To fit a decision tree we have to do some hyperparameter selection. We have to set a maximum depth and a minimum impurity. Let's first start with an educated guess to asses the model selection.

In [60]:
# Create and fit a tree
tree = DecisionTreeRegressor(max_depth=5, min_impurity=1)
tree.fit(X=x_train, y=y_train)
rmse_train = np.sqrt(np.mean(np.square(tree.predict(x_train)-y_train)))

y_hat = tree.predict(x_test)
rmse = np.sqrt(np.mean(np.square(y_hat-y_test)))

print("RMSE on the train set: %.2f" % rmse_train)
print("RMSE on the validation set: %.2f" % rmse)

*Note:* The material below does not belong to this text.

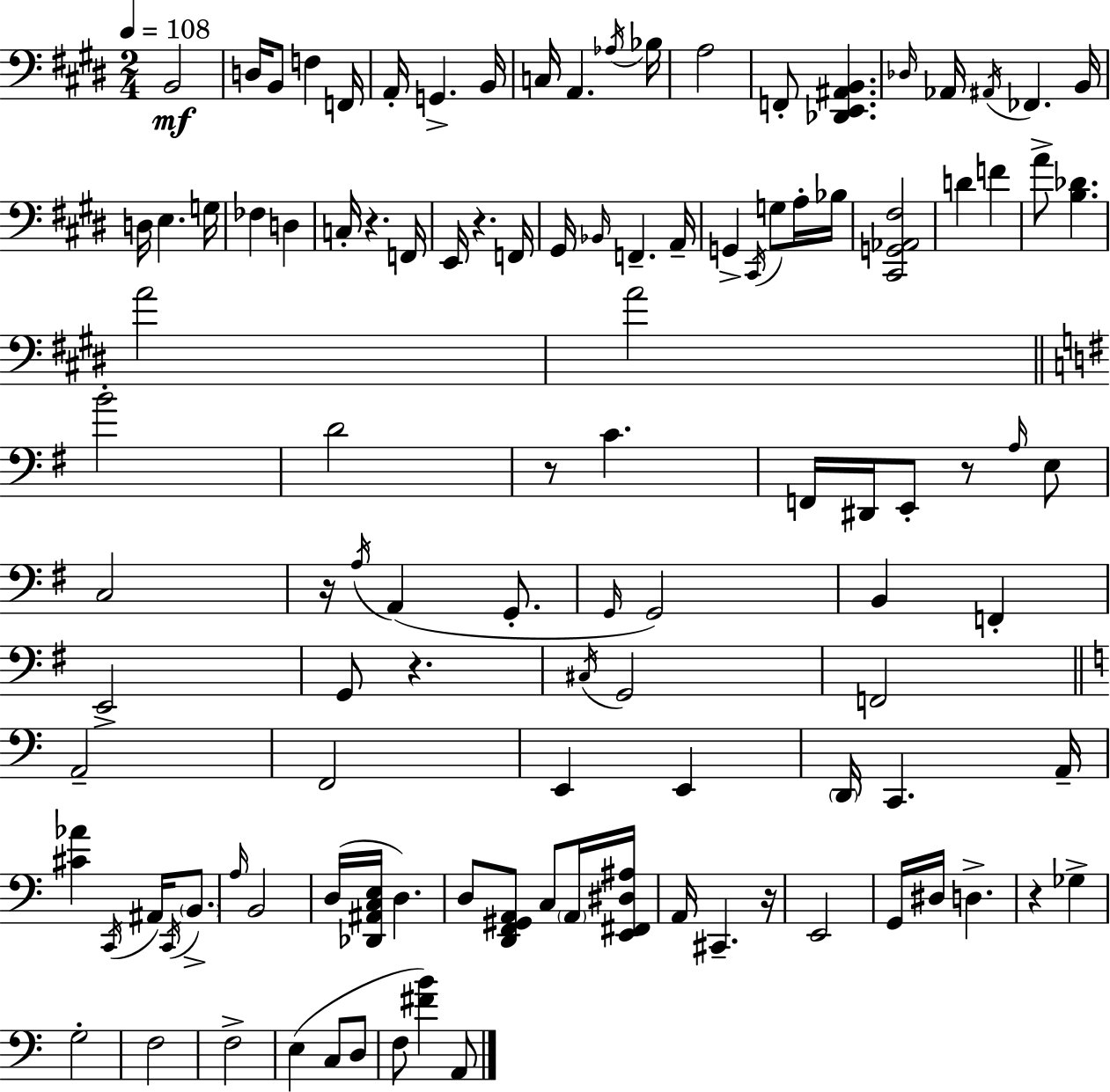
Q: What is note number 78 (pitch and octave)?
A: D3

RMSE on the train set: 2.36
RMSE on the holdout set: 6.93


## Improving the model

The new model is clearly able to outperform the baseline. But maybe we can improve it with hyperparameter search. Due to the small size of the dataset the size of the validation set might not be enough to discriminate with confidence between similar models performance. We may use cross-validation to overcome this problem.

### Cross-validation

In [67]:
def cross_validate(model, k):
    X_fold = X
    y_fold = y
    pivot = int(X_fold.shape[0]/k)
    cum_rmse = 0
    for _ in range(k):
        # Always take firt fold as test
        x_test, y_test = X_fold[:pivot, :], y_fold[:pivot]
        x_train, y_train = X_fold[pivot:, :], y_fold[pivot:]
        
        # fit the model
        model.fit(X=x_train, y=y_train)
        y_hat = model.predict(x_test)
        
        cum_rmse += np.sqrt(np.mean(np.square(y_hat-y_test)))
        
        X_fold = np.concatenate((x_train, x_test))
        y_fold = np.concatenate((y_train, y_test))
        
    return cum_rmse/k

In [68]:
cross_validate(tree, 5)

6.2953829714342975